USNS Sgt. Matej Kocak (T-AK-3005), (former SS Sgt. Matej Kocak (AK-3005)), is the lead ship of the  built in 1981. The ship is named after Sergeant Matej Kocak, an American Marine who was awarded the Medal of Honor during World War I.

Construction and commissioning 
The ship was built in 1981 at the Sun Shipbuilding, Chester, Pennsylvania. She was put into the service of Waterman Steamship Corp. as John B. Waterman.

In 1984, she was acquired and chartered by the Navy under a long-term contract. The ship underwent conversion at the National Steel and Shipbuilding, San Diego until October 1984. Later that year, put into service as SS Sgt.

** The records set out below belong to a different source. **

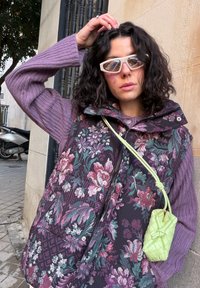 Γυναίκα με σγουρά σκούρα μαλλιά φορώντας λευκά γυαλιά ηλίου σε σχήμα γάτας, μοβ πλεκτό πουλόβερ, φλοράλ γιλέκο και κρατώντας μια μικρή πράσινη τσάντα, έξω.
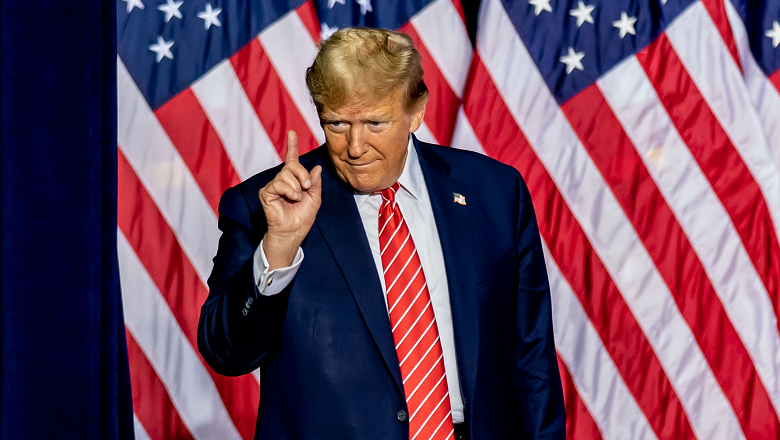 Trump pointing his finger in front of the US flag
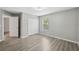 A bedroom offering an attached closet and wood look floors at 12534 Chenwood Ave, Hudson, FL 34669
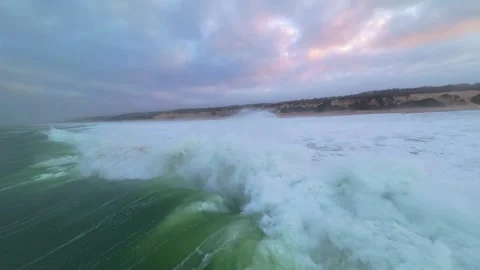 Dramatic ocean waves crash on beach at dawn Stock Footage 345148806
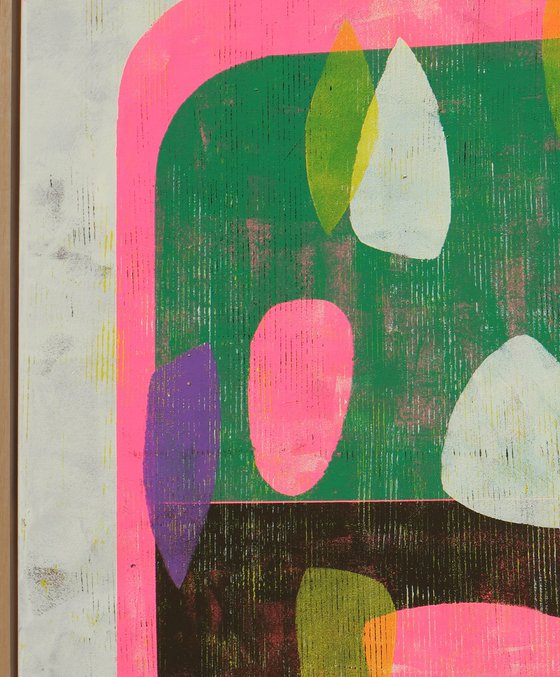 Fractured neon pink in green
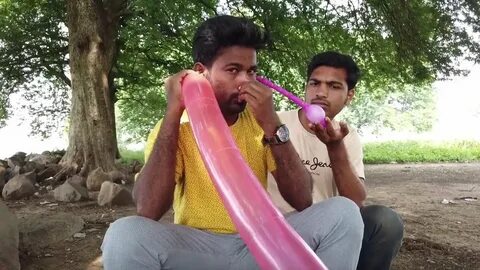 Indian man uses ears to inflate balloons in weird trick - YouTube.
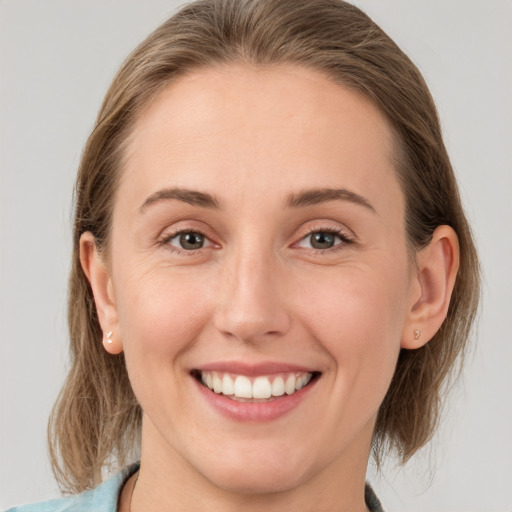 Joyful white young-adult female with medium  brown hair and grey eyes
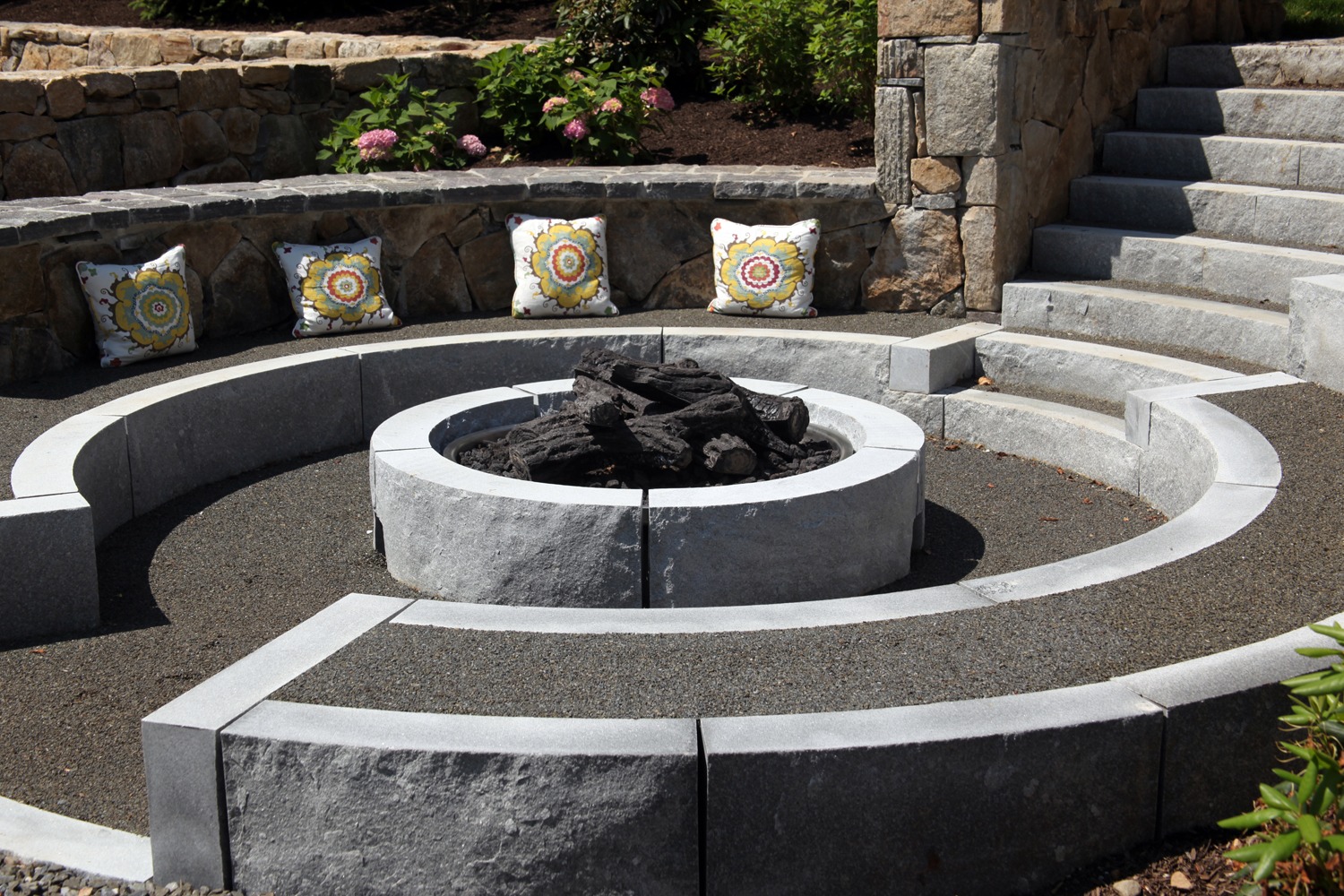 An outdoor stone fire pit sits at the center of curved bench seating with decorative pillows. Stone stairs lead up to an adjacent area.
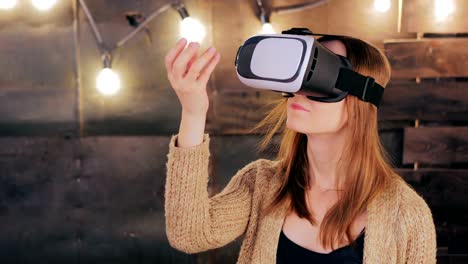 Young-woman-using-Virtual-Reality-Glasses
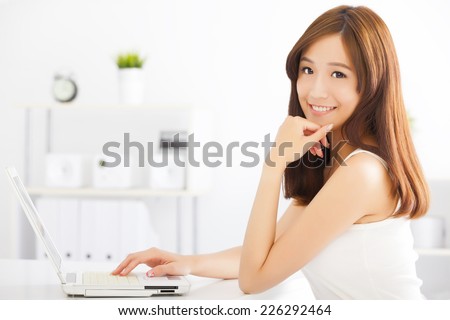 happy young asian woman using a laptop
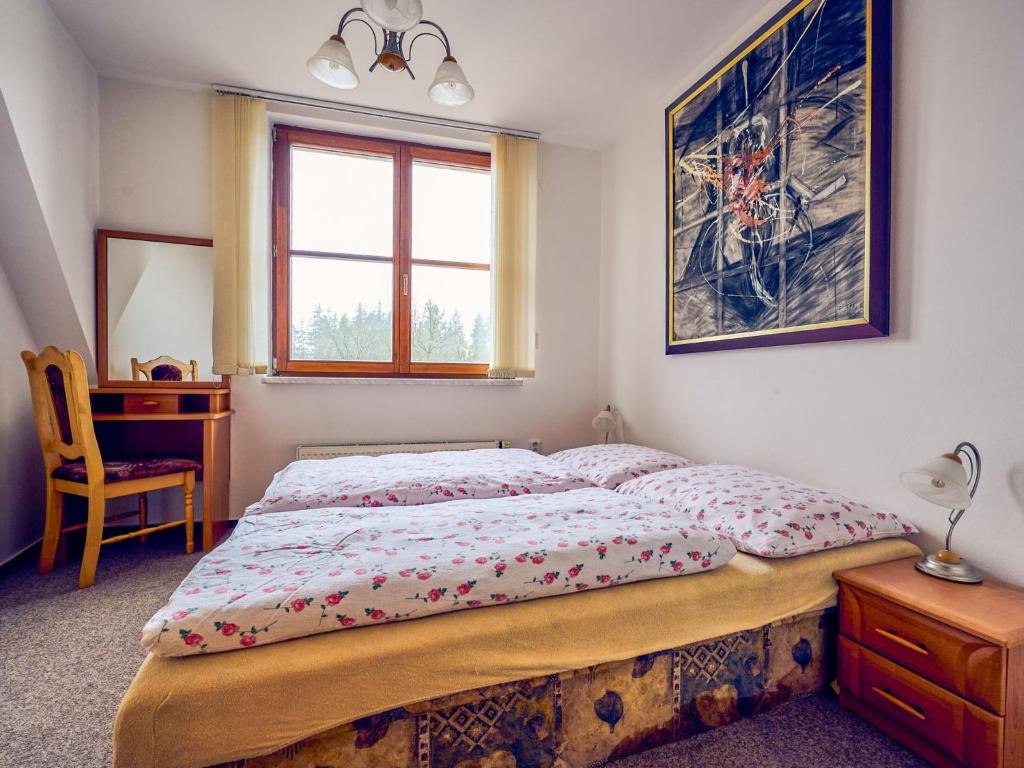 Llit o llits en una habitació de Apartment Harrachov 611-3 by Interhome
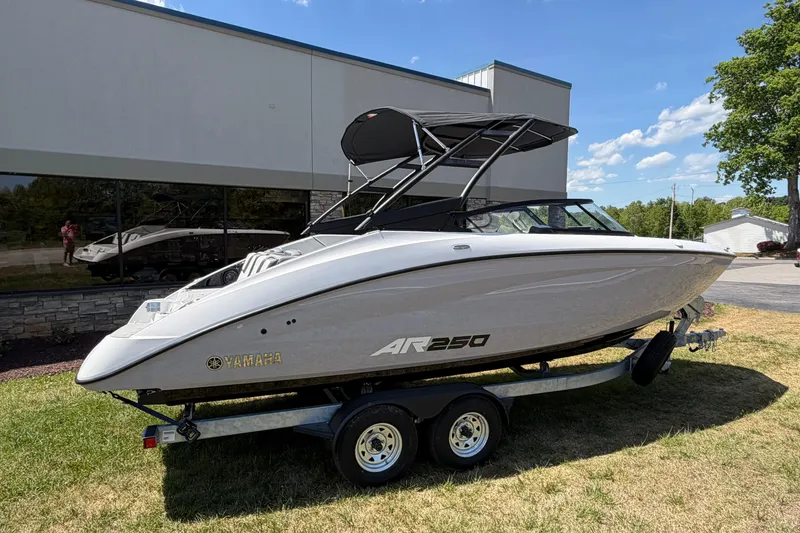 The Image of 2026 Yamaha AR250 boat on trailer, parked outdoors under clear blue sky. - 4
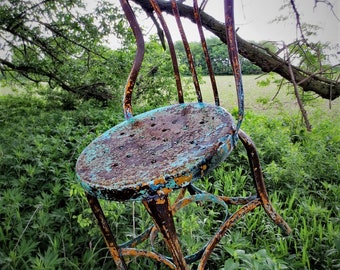 a chair worthy of hanging as art...French Country Metal Bistro Chair...wonderful, multi-colored chippy paint...Photo Prop Extraordinaire...
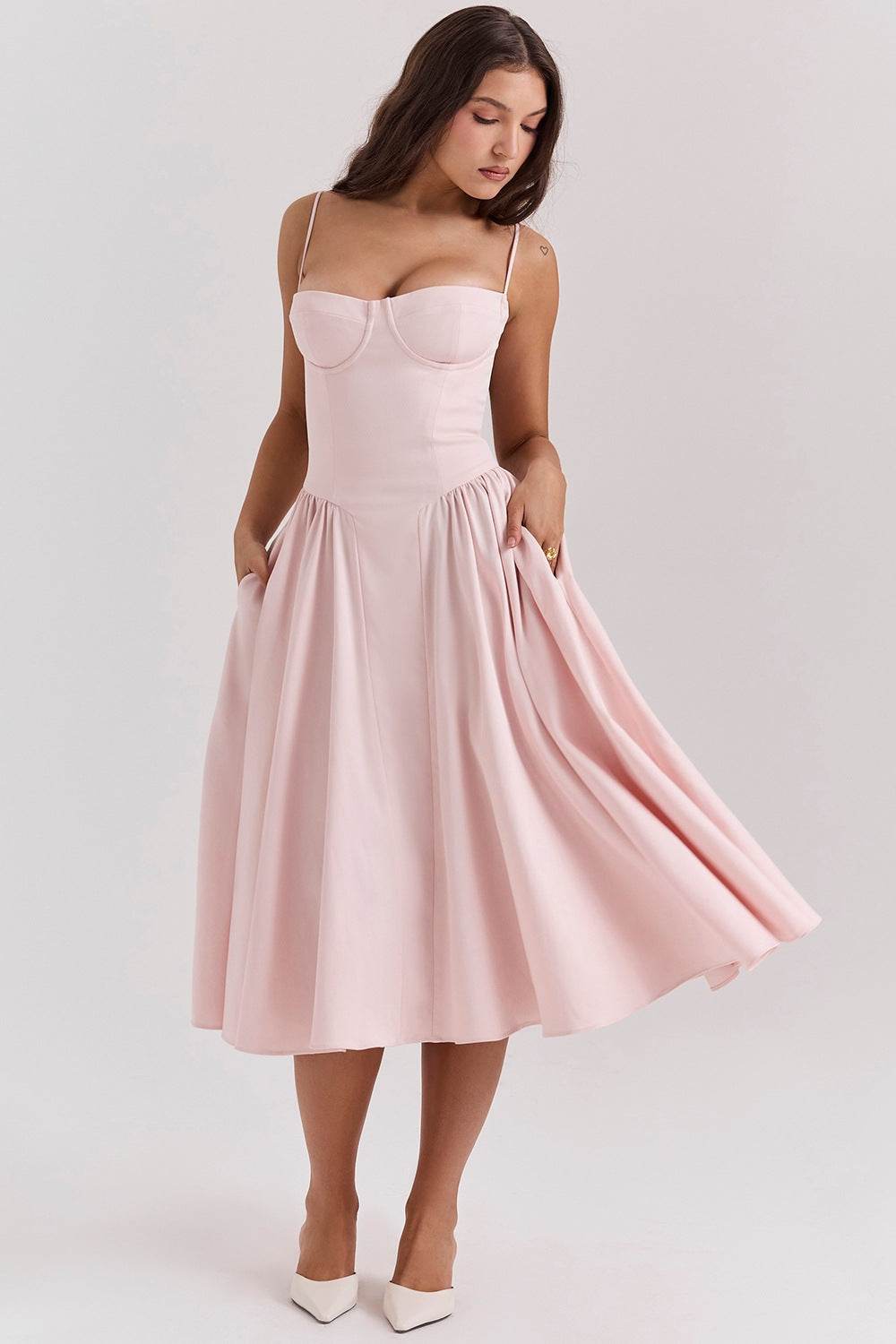 Femeie purtând rochie cu design minimalist roz pal, cu bretele subțiri și fustă evazată pentru ocazii elegante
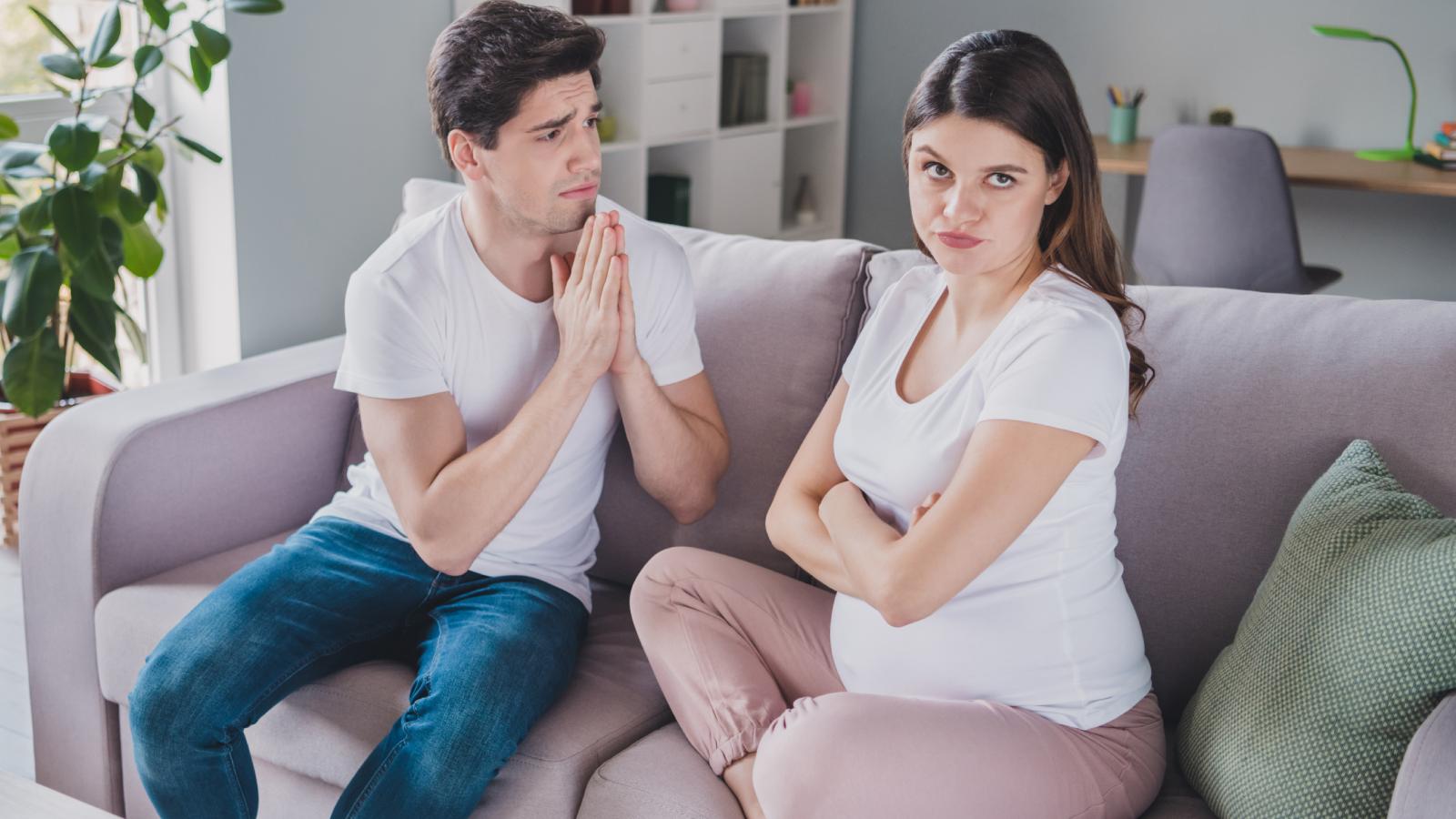 Woman Frustrated When Husband Won’t Stop Talking During Pregnancy Baby Care Class pregnant woman with a man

Matej Kocak (AK-3005). Sgt. Matej Kocak was put into the Maritime Prepositioning Ship Squadron 2, based at Diego Garcia in the Indian Ocean to support the US Marine Corps Expeditionary Brigade.

She was later transferred to the Military Sealift Command Surge Sealift as USNS Sgt. Matej Kocak (T-AK-3005) from 2 October 2012. At 11:30 a.m. of 22 January 2015, she ran aground approximately six nautical miles off the coast of Uruma, Okinawa. She was refloated on 3 February later that year.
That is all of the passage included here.